I am doing a hobby project of implementing my own Metal.framework implementation and a software renderer to do the actual rendering once the MTLCommandBuffer is committed. I am trying to come up with a way to model GPU threads on the CPU (using pthreads perhaps). To see if it's feasible, I managed to compile a simple shader.metal into LLVM bitcode (.air file) and then into ARM assembly using LLVM’s llc tool using below command line.

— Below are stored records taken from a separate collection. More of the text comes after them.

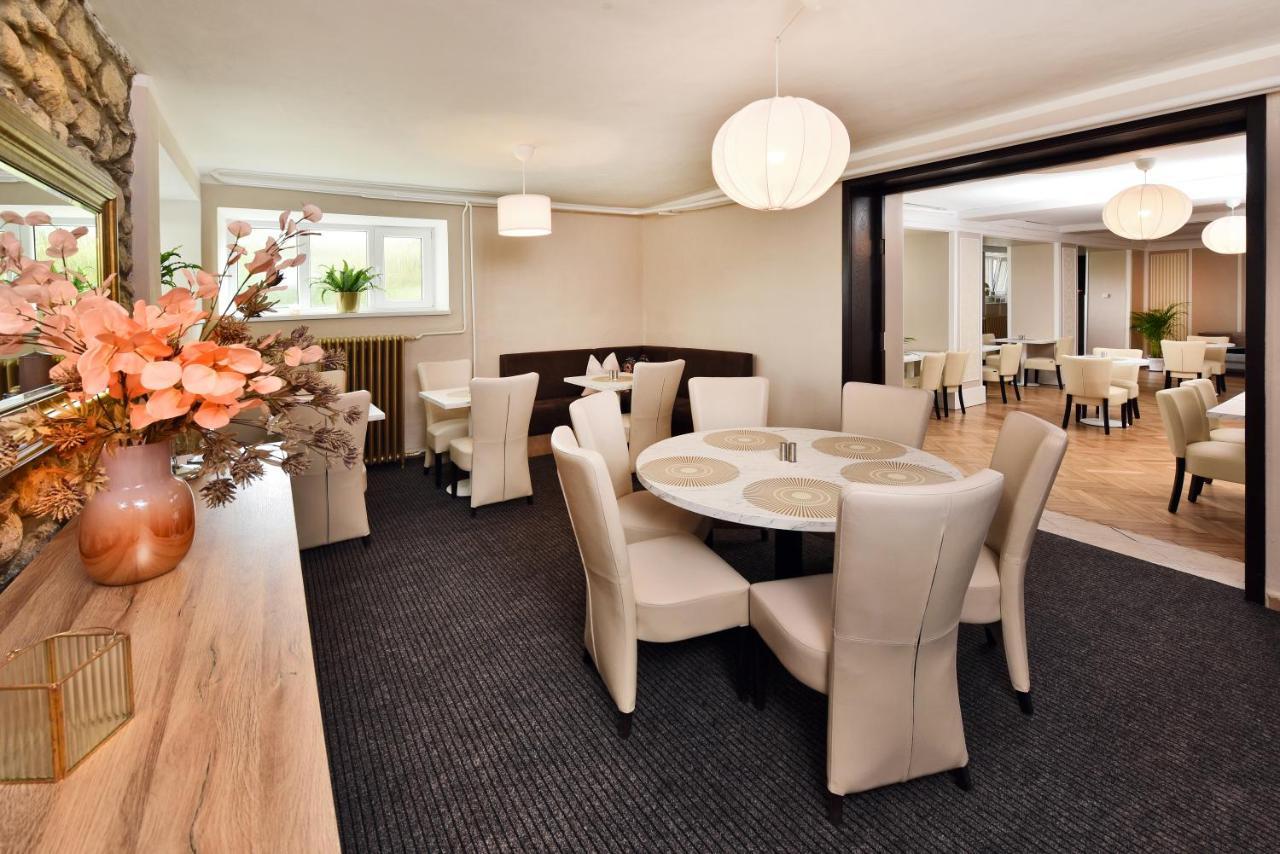 Aplend Hotel Lujza Major Татранска Ломница Экстерьер фото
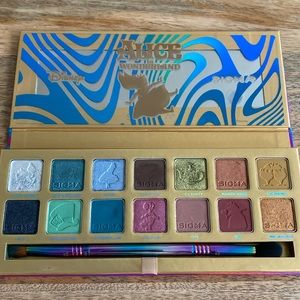 Sigma beauty Alice in Wonderland palette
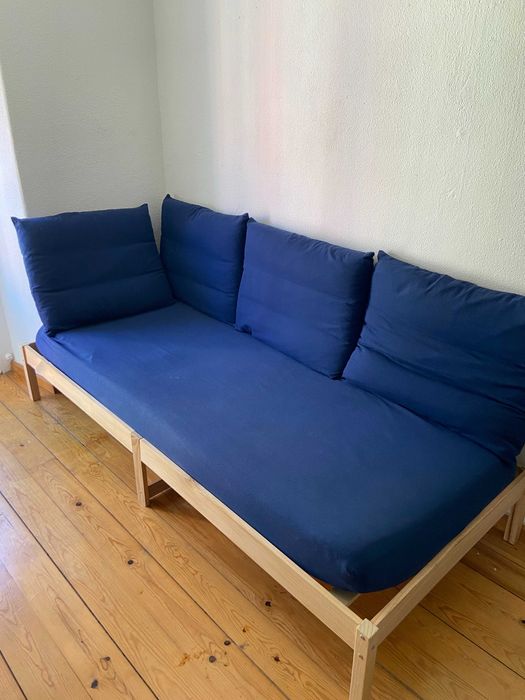 Sofá-cama de madeira com colchão e almofadas (EN: sofabed)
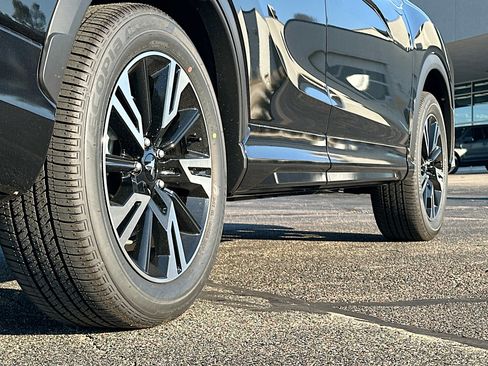 New 2026 Mitsubishi Eclipse Cross SEL image 13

lc -march arm64 shader.air -o shader.s
I also managed to take the ARM assembly, pass it through an assembler and produced an object file
gcc -c shader.s -o shader.o
(Alternatively) I can also hand edit the shader.s and change the shader name to _main and then produce an executable using below:
gcc shader.air.s -o shader
At this point, I am thinking my next steps should be to use Apple’s Hypervisor framework, where each pthread should run a virtual CPU which runs the shader compiled using above steps. I have a sample hypervisor code that runs a small ARM snippet and I’m currently figuring out if I can write my own “driver” to read the shader mach-o file, extract segments from it and map it into the hypervisor memory so the VCPU can read from it.
My questions are:
- Is there an obvious way to do this that I'm not seeing? Specifically, is there an easier way of launching multiple threads on the CPU that do vertex/fragment/kernel processing from the shader executable I just compiled above?